Crawled caption data

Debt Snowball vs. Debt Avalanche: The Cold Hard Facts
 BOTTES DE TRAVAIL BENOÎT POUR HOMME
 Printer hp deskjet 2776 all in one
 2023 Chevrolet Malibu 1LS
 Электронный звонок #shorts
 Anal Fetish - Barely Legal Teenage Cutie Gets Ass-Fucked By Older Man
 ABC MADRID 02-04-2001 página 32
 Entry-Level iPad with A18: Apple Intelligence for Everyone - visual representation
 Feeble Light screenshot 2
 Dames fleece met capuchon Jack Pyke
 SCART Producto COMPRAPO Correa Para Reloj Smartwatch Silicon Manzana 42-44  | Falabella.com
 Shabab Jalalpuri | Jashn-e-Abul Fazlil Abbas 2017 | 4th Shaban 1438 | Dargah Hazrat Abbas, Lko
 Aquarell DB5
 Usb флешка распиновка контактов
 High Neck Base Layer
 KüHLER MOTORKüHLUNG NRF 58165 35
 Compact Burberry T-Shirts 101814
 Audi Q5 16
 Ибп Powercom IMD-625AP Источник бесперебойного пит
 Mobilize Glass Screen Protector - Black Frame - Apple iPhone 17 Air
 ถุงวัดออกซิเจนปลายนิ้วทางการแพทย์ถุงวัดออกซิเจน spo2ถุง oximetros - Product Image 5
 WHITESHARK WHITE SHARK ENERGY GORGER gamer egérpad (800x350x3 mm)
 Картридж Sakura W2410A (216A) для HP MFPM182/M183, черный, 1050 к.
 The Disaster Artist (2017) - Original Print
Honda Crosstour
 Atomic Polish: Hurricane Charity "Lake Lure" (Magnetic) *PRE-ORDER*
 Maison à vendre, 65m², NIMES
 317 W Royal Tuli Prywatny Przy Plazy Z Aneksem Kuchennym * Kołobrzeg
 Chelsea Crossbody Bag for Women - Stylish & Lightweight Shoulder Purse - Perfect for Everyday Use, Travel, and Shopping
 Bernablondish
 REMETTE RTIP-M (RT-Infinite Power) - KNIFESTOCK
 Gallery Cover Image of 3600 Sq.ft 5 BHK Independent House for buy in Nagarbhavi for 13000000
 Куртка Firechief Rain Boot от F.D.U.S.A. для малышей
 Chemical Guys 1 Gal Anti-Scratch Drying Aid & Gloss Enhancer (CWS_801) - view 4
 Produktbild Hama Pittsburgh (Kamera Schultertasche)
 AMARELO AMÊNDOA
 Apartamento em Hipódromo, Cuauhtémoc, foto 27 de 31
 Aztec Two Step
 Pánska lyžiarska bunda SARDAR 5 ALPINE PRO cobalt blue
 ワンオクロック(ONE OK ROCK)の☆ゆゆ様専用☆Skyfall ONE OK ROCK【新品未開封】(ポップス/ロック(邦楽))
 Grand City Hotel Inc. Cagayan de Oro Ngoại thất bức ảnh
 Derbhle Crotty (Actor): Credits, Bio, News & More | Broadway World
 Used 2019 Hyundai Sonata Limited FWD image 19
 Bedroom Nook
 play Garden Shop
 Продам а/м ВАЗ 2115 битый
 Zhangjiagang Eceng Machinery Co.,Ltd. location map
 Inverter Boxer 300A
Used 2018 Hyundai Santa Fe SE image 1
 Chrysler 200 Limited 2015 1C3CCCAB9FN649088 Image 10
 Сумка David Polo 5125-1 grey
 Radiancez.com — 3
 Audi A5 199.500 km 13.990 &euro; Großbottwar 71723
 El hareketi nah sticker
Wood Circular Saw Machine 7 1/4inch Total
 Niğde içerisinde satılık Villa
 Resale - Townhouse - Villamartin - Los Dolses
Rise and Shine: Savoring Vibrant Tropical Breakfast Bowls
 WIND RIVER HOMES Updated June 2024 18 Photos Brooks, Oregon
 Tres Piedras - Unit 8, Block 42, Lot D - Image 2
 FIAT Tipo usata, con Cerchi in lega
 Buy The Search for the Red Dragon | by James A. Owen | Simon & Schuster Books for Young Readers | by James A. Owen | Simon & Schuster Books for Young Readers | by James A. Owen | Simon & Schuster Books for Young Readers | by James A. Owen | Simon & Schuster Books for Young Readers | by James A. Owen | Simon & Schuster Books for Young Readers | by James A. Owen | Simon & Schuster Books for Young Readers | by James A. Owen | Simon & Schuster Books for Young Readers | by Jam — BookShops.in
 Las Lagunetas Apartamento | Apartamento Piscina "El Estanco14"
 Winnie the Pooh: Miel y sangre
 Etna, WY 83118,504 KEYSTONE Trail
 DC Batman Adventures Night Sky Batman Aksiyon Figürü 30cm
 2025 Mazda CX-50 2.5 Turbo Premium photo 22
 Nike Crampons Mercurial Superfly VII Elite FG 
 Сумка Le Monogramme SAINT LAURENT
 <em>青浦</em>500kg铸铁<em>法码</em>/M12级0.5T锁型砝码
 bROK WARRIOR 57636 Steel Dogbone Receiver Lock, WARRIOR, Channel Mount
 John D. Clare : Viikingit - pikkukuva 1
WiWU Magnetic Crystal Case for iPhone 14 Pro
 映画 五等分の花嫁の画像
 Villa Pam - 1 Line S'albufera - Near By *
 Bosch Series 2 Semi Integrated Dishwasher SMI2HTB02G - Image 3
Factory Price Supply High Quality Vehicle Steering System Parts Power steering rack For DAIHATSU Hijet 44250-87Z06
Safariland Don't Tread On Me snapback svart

● TASK BRIEF: Once you find the line containing "2025 Mazda CX-50 2.5 Turbo Premium photo 22", copy it and every line after it through the end of the records, exactly as they stand.

● EXERCISE ANSWER:
 2025 Mazda CX-50 2.5 Turbo Premium photo 22
 Nike Crampons Mercurial Superfly VII Elite FG 
 Сумка Le Monogramme SAINT LAURENT
 <em>青浦</em>500kg铸铁<em>法码</em>/M12级0.5T锁型砝码
 bROK WARRIOR 57636 Steel Dogbone Receiver Lock, WARRIOR, Channel Mount
 John D. Clare : Viikingit - pikkukuva 1
WiWU Magnetic Crystal Case for iPhone 14 Pro
 映画 五等分の花嫁の画像
 Villa Pam - 1 Line S'albufera - Near By *
 Bosch Series 2 Semi Integrated Dishwasher SMI2HTB02G - Image 3
Factory Price Supply High Quality Vehicle Steering System Parts Power steering rack For DAIHATSU Hijet 44250-87Z06
Safariland Don't Tread On Me snapback svart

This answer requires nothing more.